I sincerely thank you for taking the opportunity to read about my faith journey. This tells my journey of developing a deeply committed relationship with our Father in Heaven. I have come from 28 years of living out a “me-focused” life, to living in God for the world — living for an eternal purpose! As I’ve thought about this journey and the task of writing about it, I have hesitated to do so as it has felt too much like a form of self-promotion. After praying for guidance, I gave my worries about what to say and how to say it over to Jesus. I realized through trust in the guidance of the Holy Spirit, these words are the truth. These words tell a story of our loving Father, Abba – our redeemer!
I spent the first 28 years of my life floating from thing to thing, floating from one new found source of “hope” to the next, from one source of self-efficacy to the next. In the depths of my heart I was searching the world for answers to my questions. What is love? What is faith? Why can’t I forgive myself for past mistakes? Why can’t I forgive others? Isn’t there more to life than this –what I see, what I do, what I own? Why do I feel so alone – so small, so isolated in this gigantic world?

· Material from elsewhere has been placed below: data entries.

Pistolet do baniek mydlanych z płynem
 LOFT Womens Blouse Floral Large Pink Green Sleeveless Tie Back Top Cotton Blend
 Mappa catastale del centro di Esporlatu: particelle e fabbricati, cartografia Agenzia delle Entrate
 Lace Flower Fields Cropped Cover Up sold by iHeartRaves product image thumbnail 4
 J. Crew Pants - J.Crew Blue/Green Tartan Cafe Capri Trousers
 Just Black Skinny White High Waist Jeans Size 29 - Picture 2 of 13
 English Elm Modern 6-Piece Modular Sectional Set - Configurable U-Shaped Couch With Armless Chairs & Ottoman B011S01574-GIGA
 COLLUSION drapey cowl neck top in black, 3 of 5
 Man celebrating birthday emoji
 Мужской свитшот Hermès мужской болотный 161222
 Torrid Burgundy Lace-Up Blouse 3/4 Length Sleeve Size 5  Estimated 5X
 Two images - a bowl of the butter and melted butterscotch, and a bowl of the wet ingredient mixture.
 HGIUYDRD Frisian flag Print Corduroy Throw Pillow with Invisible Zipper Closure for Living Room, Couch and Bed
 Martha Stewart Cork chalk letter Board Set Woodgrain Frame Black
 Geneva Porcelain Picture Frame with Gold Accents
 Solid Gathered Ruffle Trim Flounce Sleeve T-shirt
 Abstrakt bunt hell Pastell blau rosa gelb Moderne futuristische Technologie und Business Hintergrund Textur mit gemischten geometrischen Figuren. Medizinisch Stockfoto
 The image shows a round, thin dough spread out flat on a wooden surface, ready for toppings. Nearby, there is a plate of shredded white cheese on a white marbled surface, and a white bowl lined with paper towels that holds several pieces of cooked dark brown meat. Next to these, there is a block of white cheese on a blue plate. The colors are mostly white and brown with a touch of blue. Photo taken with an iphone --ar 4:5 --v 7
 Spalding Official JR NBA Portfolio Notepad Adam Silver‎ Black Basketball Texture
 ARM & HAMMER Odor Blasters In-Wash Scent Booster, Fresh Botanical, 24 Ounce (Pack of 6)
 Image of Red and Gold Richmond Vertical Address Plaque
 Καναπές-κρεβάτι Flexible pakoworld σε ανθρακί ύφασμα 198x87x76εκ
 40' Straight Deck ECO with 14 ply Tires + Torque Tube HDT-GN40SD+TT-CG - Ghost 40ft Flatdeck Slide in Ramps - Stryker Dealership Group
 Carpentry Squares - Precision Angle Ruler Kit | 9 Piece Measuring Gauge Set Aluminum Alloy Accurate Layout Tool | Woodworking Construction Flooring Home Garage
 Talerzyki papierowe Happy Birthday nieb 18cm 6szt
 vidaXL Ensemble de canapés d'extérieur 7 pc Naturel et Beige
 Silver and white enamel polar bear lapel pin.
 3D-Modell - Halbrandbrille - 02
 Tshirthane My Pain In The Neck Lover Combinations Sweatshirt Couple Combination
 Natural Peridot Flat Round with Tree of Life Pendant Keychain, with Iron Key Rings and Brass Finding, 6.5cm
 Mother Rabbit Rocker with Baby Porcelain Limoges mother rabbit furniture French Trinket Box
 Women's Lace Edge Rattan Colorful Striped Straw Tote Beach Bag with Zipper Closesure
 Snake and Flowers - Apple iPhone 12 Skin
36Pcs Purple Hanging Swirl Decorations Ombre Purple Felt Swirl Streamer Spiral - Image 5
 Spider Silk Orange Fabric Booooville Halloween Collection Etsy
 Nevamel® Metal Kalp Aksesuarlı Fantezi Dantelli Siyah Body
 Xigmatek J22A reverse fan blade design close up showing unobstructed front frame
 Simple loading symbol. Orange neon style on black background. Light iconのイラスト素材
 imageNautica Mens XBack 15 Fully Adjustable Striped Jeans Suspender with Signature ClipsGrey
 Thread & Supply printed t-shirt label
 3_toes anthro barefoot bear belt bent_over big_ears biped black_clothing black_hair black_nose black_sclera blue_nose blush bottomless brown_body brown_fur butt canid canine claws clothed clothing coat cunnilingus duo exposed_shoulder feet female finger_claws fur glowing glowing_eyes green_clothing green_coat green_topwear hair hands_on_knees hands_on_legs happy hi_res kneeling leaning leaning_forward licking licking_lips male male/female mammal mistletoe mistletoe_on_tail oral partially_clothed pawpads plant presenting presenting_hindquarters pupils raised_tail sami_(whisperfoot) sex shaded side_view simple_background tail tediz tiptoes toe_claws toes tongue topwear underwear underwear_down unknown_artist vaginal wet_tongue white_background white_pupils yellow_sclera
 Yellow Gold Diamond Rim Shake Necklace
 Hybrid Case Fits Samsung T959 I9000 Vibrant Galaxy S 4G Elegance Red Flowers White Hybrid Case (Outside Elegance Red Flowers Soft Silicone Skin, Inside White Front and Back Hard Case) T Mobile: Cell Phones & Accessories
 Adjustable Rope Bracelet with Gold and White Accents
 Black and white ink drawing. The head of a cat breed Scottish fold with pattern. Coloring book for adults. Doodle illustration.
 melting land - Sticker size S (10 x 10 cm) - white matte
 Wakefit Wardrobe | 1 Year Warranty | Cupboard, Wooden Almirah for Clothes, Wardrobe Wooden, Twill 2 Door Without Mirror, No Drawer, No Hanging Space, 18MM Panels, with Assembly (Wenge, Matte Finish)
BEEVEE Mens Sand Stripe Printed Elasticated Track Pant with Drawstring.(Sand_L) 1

What still amazes me is that I can look back to so many times in my life and see God’s steady hand, His hand on my life, His hand in control. The fact is that I did not grow up talking about God, I had not opened the door to Him over the course of my life. I didn’t talk about Jesus Christ or about the guidance of the Holy Spirit. Beyond the age of 10, I stepped into church only a handful of times and can’t remember a single time that I had opened the Bible. I grew up finding meaning in my talents, athletic abilities, the company I kept, my white-washed exterior.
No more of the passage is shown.